Tags: CD | euro | US | interest

Don't Plan to Live Off Your Interest Just Yet

By Wednesday, 11 June 2014 08:01 AM Current | Bio | Archive

The European Central Bank (ECB) took an unusual step last week, cutting the interest rate it pays on bank reserves to a negative 0.1 percent. Instead of receiving interest, eurozone banks now pay interest on any cash they park with the ECB.

I doubt the move will help restart Europe's stalled economy, but they evidently have no better ideas. Long-suffering U.S. savers might feel better; our paltry yields don't look quite so terrible now, although they are nevertheless still terrible.

Not so long ago, American retirees could park their cash in safe, simple bank accounts and earn a noticeable amount of income. As recently as 2007, $100,000 in a six-month certificate of deposit generated more than $5,000 in interest annually.

Last year, that same $100,000 six-month CD earned a whopping $390 per year, according to JPMorgan Chase.

While earning $390 is better than paying $100 — as would be the case if U.S. banks treated us the way the ECB treats its member banks — neither amount is impressive.

This is no accident. The Federal Reserve wants your money in risky assets like the stock market, so their policy reflects it.

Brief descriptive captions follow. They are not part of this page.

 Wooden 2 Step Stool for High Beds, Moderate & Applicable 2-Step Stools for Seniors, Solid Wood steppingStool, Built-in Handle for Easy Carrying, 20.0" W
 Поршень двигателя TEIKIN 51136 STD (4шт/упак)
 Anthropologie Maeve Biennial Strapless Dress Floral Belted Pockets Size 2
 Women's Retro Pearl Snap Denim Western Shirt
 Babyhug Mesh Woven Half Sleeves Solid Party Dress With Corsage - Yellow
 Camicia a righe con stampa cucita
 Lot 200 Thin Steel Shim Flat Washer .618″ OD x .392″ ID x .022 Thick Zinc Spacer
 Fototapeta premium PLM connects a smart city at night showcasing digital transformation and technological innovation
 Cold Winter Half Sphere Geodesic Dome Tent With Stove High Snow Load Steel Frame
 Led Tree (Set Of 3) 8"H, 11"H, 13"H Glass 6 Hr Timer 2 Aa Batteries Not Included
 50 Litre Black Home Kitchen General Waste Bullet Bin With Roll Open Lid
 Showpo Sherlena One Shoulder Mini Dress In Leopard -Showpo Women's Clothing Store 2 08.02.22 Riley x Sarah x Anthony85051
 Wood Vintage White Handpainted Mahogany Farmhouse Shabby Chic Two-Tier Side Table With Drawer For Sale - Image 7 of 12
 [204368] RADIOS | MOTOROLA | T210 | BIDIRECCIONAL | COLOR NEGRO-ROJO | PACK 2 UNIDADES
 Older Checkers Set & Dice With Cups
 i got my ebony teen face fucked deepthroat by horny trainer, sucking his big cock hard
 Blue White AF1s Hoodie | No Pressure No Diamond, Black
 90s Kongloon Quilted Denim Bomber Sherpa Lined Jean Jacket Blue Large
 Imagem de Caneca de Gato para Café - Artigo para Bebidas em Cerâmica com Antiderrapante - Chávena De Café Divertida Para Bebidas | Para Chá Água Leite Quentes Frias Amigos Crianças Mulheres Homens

Might this policy change in the near future? I thought so just a few weeks ago. Some Fed governors seemed ready to wind up the QE3 program and start hiking short-term rates later this year or in early 2015. Now I'm more dubious.

The ECB's negative rate move is aimed less at lending policy than at currency devaluation. Europe needs to make its exports competitive with American, Japanese, Chinese and other countries' products. Devaluing the euro currency is one way to do this. Unfortunately, Japan is already going down that same path with the yen. The United States might do likewise.

Global capital always flows to whatever destination treats it the best, that is pays the highest risk-adjusted yields. I believe we are in the early stages of a global currency war.

Competitive currency devaluations could force the Fed to keep U.S. yields near zero for years to come. Raising interest rates would strengthen the dollar and dampen U.S. exports — at a time when our economy needs every advantage it can get.

This scenario has many potential outcomes, none of them good. The best case would be another decade or two of Japanese-style credit deflation. Investors will have pockets of opportunity, but they will be much harder to find than a six-month CD was in 2007.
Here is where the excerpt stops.